La del Este fue una transición corrompida; un alud de reformas que benefició a unos pocos (la misma élite, metamorfoseada, en la Rumanía poscomunista) y arrasó a los de abajo. La privación de derechos dio paso a una privación material (Bulgaria, Rumanía) y el vendaval global se llevó puestos de trabajo y trajo a cambio decenas de miles de extranjeros. No es casualidad que tres de los cinco países que no han suscrito el pacto migratorio de la ONU (Hungría, Polonia y República Checa) pertenecieran al Telón de Acero; tampoco es fortuito su malestar inespecífico, que ni siquiera un desempeño económico boyante logra atenuar.

Estos europeos demediados se rinden hoy a liderazgos fuertes que ofrecen soluciones tajantes a un resquemor histórico. La única fraternidad que experimentan no es el abrazo de la madre Europa, sino el de otros ciudadanos igual de desclasados, como los antiguos obreros comunistas que hoy votan a Le Pen en Francia.

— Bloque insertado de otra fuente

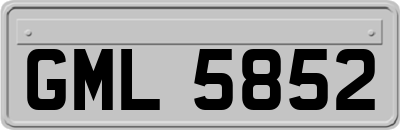 GML5852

La Europa de democracias sin conciliar; enferma de antisemitismo desde mucho antes del Holocausto o Dreyfuss (el odio a Soros, tumbas judías execradas en Grecia, los gestos de algunos chalecos amarillos), puede cruzar el umbral en mayo. Será el precio de haber creído que aquel 9 de noviembre de 1989 fue el fin de la historia, y no la llave de la caja de los truenos.